Earlier this year, The Prolific North compiled a list of the Top 100 eCommerce Companies in the North, ranking the leading e-commerce companies in the region by revenue.

Being a team of e-commerce specialists working across a range of platforms, we immediately wondered which platforms these sites were all running on and whether there were any clear favourites.

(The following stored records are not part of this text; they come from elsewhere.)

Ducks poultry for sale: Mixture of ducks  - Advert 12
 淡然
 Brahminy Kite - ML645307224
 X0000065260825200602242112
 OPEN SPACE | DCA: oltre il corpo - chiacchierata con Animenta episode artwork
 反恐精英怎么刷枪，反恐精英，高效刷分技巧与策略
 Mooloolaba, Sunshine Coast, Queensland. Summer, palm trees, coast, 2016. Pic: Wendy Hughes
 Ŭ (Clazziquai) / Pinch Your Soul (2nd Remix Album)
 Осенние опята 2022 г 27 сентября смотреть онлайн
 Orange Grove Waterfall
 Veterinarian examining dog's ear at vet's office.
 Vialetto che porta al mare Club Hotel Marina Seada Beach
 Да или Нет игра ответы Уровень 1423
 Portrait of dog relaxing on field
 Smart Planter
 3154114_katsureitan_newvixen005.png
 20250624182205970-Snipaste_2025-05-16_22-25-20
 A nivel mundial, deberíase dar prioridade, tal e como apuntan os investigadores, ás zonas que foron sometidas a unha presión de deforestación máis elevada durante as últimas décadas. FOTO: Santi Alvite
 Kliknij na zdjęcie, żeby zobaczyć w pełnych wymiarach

Data parsing and analysis is at the heart of a lot of what we do here at IGOO, and as developers we never miss an opportunity to get our hands dirty with a new toolkit or API. After a quick discussion, we decided we would leverage the excellent Wappalyzer API in order to collect some additional data on each of the sites operated by the companies listed in the league table, so we set to work building a rough prototype.

Libraries & Tools Used

This is by no means an exhaustive list and doesn’t include any information about my local development process. Rather it is a list of build dependencies

  • Wappalyzer – URL analysis tool and API
  • PapaParse – Fast and feature rich CSV parser
  • lodash – JavaScript utility library (so we can write more succinct and human-friendly JS)
  • axios – Promise based HTTP client
  • nanoJS – Micro library for DOM manipulation (super-lazy selectors and iterators)
  • chartJS – no-nonsense JavaScript/Canvas charting engine
  • palette.js – used for generating colour palettes on the fly

Preparing the Initial Dataset

The first problem we encountered (and it’s a biggy) was that the original table only lists the names of the parent companies or legal entities from which annual revenues could be determined. Our first job was therefore to do some digging to figure out which websites were operated by each of the companies listed. We’re big fans of automation and always strive to “work smarter, not harder”, so the urge to figure out a way to automatically match each of the company names to a set of website URLs was strong. Ultimately, there didn’t seem to be any way to accomplish this practically (quickly) and consistently, so we opted to do some good old fashioned investigative work. This mainly involved visiting a lot of (often aesthetically questionable) corporate holding pages to try to drill down to where the action was taking place.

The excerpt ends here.